Hey, is that my Aunt Joyce sitting next to you?  

Great picture.


----------



## Guest (Nov 23, 2008)

Plates are a good thing...especially when they are full of hot delicious food.


----------



## Guest (Nov 23, 2008)

Vampyre said:


> Plates are a good thing...especially when they are full of hot delicious food.


Or protecting your brains from oozing out.


----------



## Betsy the Quilter (Oct 27, 2008)

Dori said:


> I have no idea what wine it is. We were having a wine tasting party at a nephews in Kansas City a few years ago. They were trying to teach me that all wines are not created equal. It was almust as hard as teaching me to use the Link Making Tool.


Dori you crack me up!

Betsy


----------



## Guest (Nov 23, 2008)

Wine is nice, but beer is better and I have found that this contraption works very well with the Kindle (works for dead tree books too):


----------



## Linda Cannon-Mott (Oct 28, 2008)

Ethan said:


> Wine is nice, but beer is better and I have found that this contraption works very well with the Kindle (works for dead tree books too):


Love the hat Ethan, no hands required!  I think my ex husband had one just like that.


----------



## Betsy the Quilter (Oct 27, 2008)

Bacardi Jim said:


> Or protecting your brains from oozing out.


That's what I use my best china for....

Betsy


----------



## Dori (Oct 28, 2008)

ScottBooks said:


> Hey, is that my Aunt Joyce sitting next to you?
> 
> Great picture.


 Nope, sorry. Judith from Great Britain.


----------



## Guest (Nov 23, 2008)

Betsy the Quilter said:


> That's what I use my best china for....
> 
> Betsy


Next time, try steel. Or titanium works even better.


----------



## Ann in Arlington (Oct 27, 2008)

Bacardi Jim said:


> Next time, try steel. Or titanium works even better.

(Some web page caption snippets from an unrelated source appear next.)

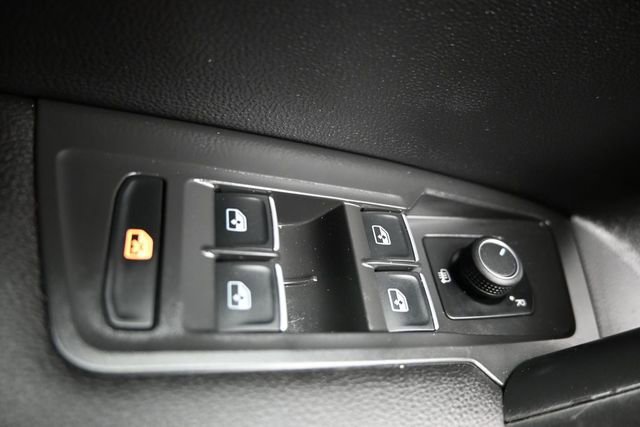 Used 2021 Volkswagen Tiguan SE R-Line FWD image 28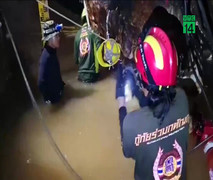 Hé lộ phương án giải cứu đội bóng mắc kẹt trong hang ở Thái Lan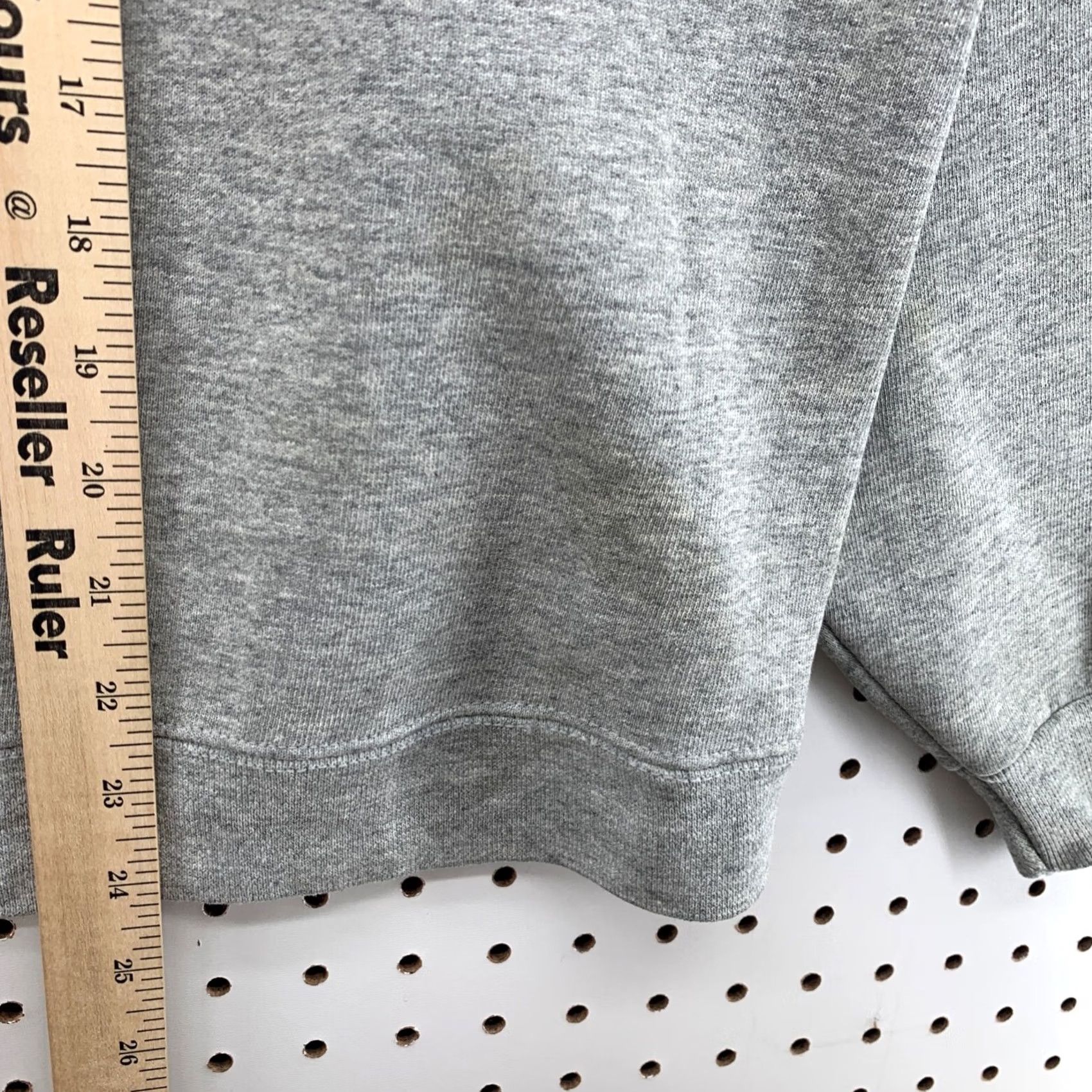 Fruit Of The Loom Vintage Michigan Fishing Sweatshirt Mens Fits Small Pullover Funny Gray 20.5x24 Size US M / EU 48-50 / 2 - 7 Thumbnail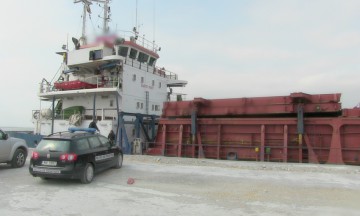 Zeci de mii de căni şi pahare, confiscate în Port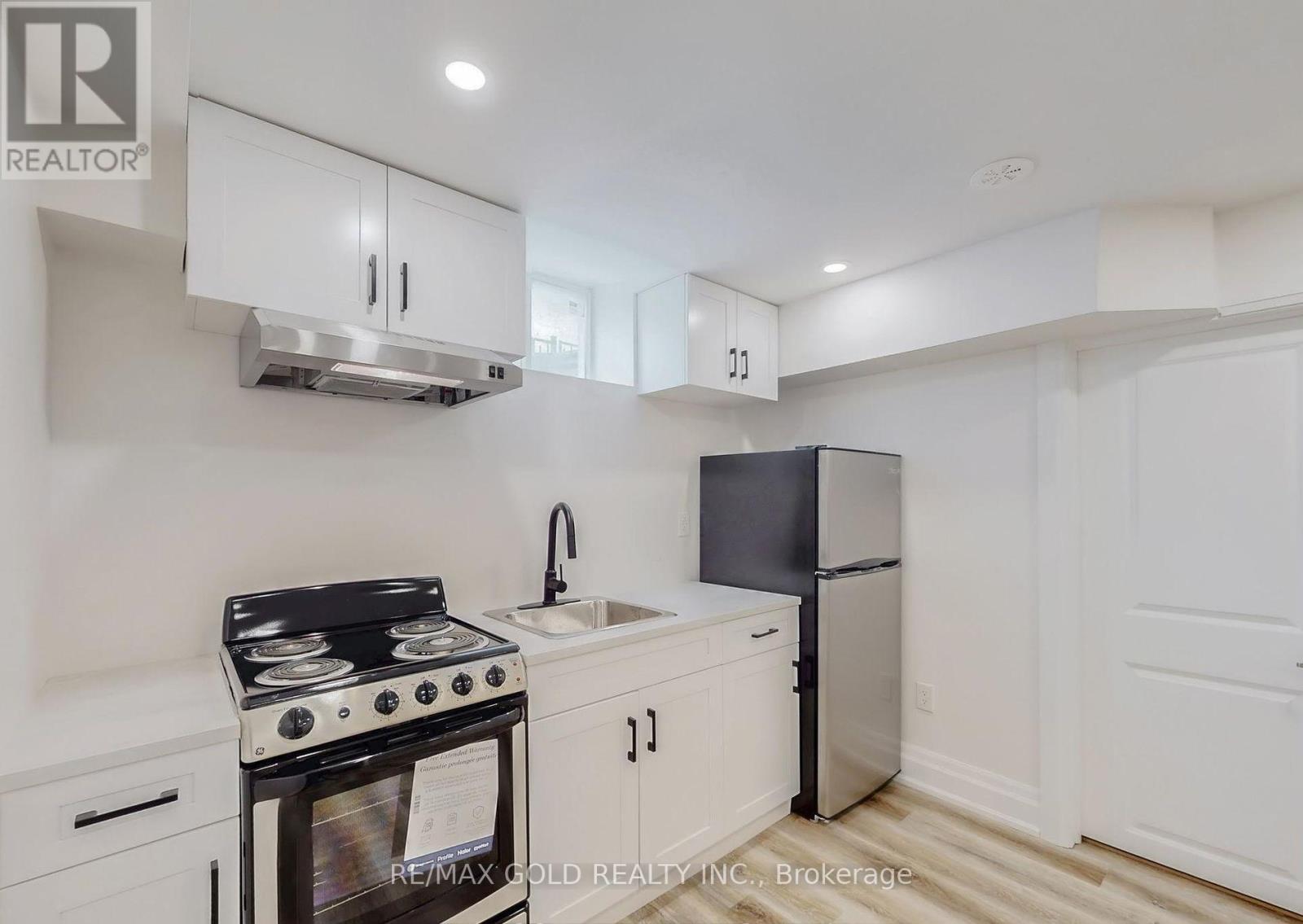 21 Gemma Place, Brampton, Ontario  L6Z 0J5 - Photo 28 - W12491534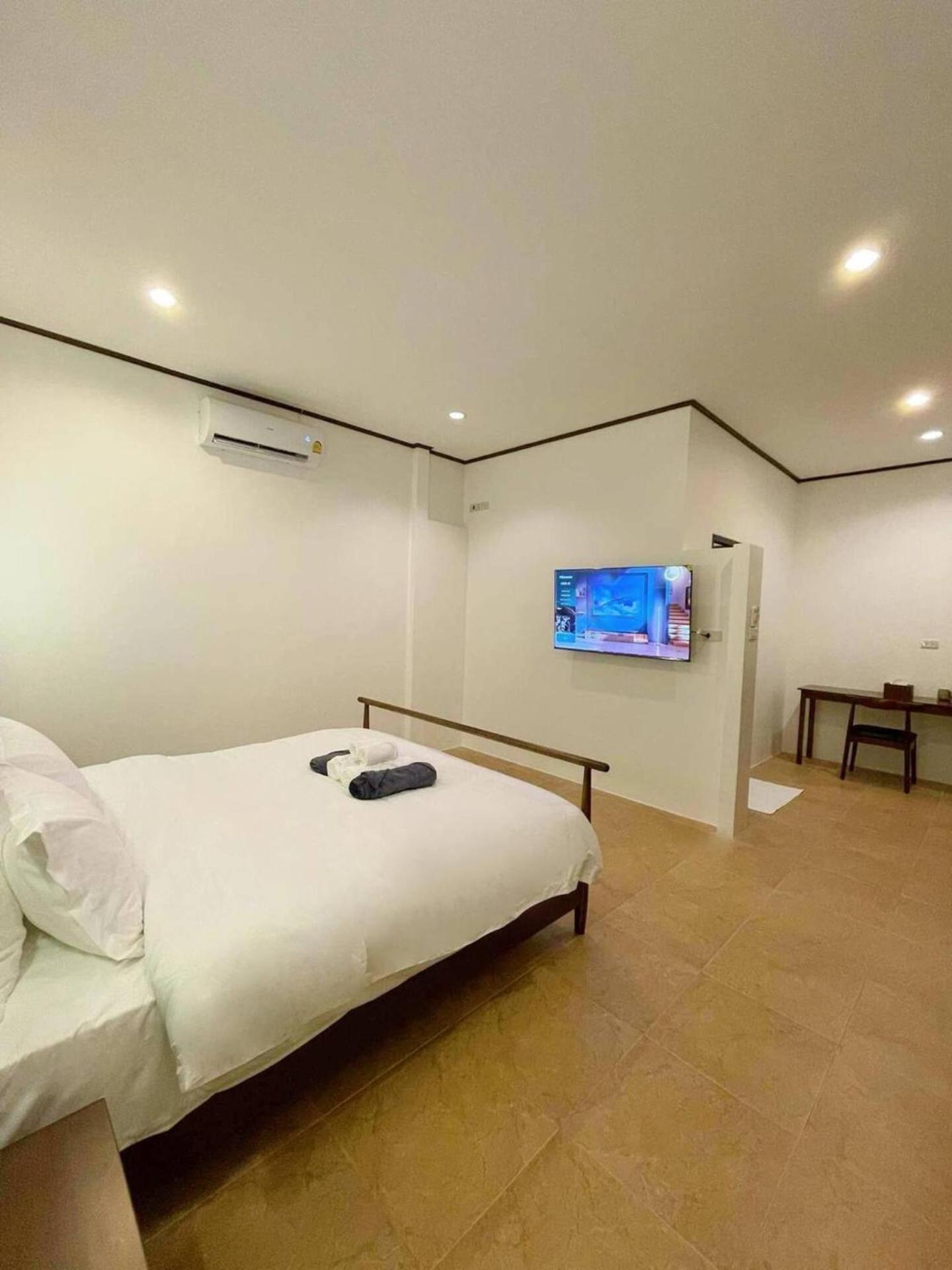 Vivi Bungalows Resort Nai Harn Esterno foto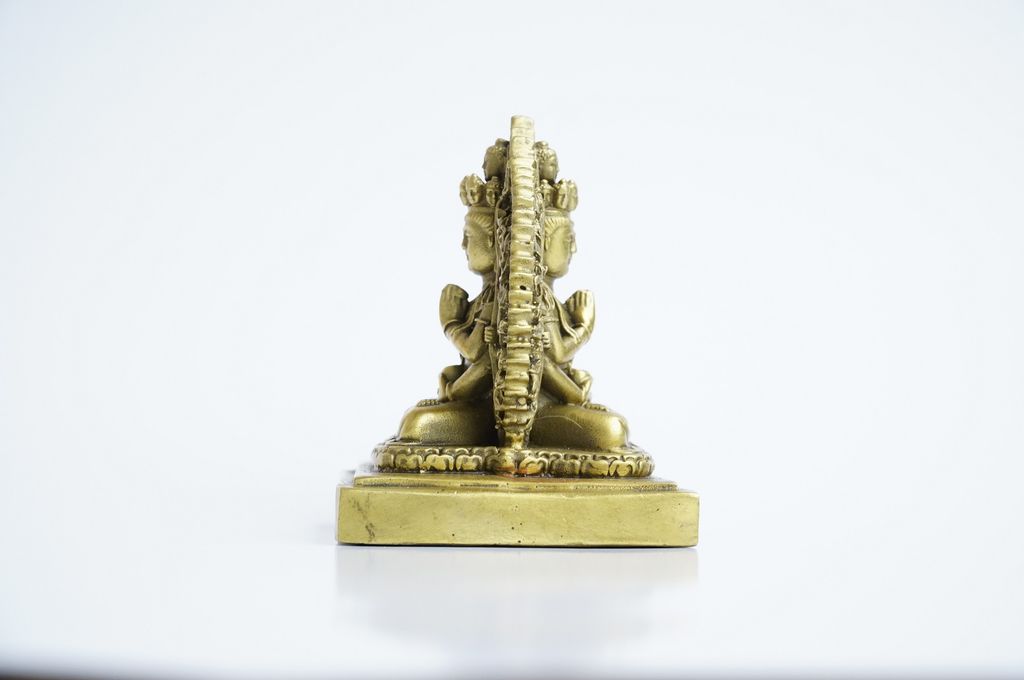 Tượng Phật Thiên Thủ Thiên Nhãn Chuẩn Đề 2 mặt bằng đồng - Cao 10cm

 I thought only tinfoil was authorized?

BTW, where's Teninx?

Ann


----------



## Guest (Nov 23, 2008)

Ann Von Hagel said:


> I thought only tinfoil was authorized?
> 
> BTW, where's Teninx?
> 
> Ann


Sure, tinfoil plates are shiny and pretty. Easily moldable. And they protect against mindreading _and_ mind-control rays. But they aren't very durable.


----------



## cat616 (Nov 4, 2008)

I only drink in the company of others and they will not shut up long enough to let me enjoy reading with my wine.


----------



## Chad Winters (Oct 28, 2008)

Ethan said:


> Wine is nice, but beer is better and I have found that this contraption works very well with the Kindle (works for dead tree books too):


I appreciate good wine and good beer both, but Busch?! definitely not real beer!. The Prohibition did terrible things to the American beer industry (likely leaving only 2-3 big brewers that produce the same watered down, no flavor version of beer) that it has only slightly recovered from. It was a tragedy similar to what it would be like if all the Sonoma vineyards were replaced with Franzia  (OK, end soapbox )


----------



## Chad Winters (Oct 28, 2008)

gertiekindle said:


> I think it depends on what you're reading.
> 
> With Sue Grafton, it's a crisp Chardonnay, at $6.99 a bottle.
> 
> ...


I agree!! I think you have to pair the wine with the content , not the Kindle. The Kindle is the plate, not the food. We may need to develop a Kindle Sommelier!!


----------



## Guest (Nov 23, 2008)

Chad Winters said:


> I agree!! I think you have to pair the wine with the content , not the Kindle. The Kindle is the plate, not the food. We may need to develop a Kindle Sommelier!!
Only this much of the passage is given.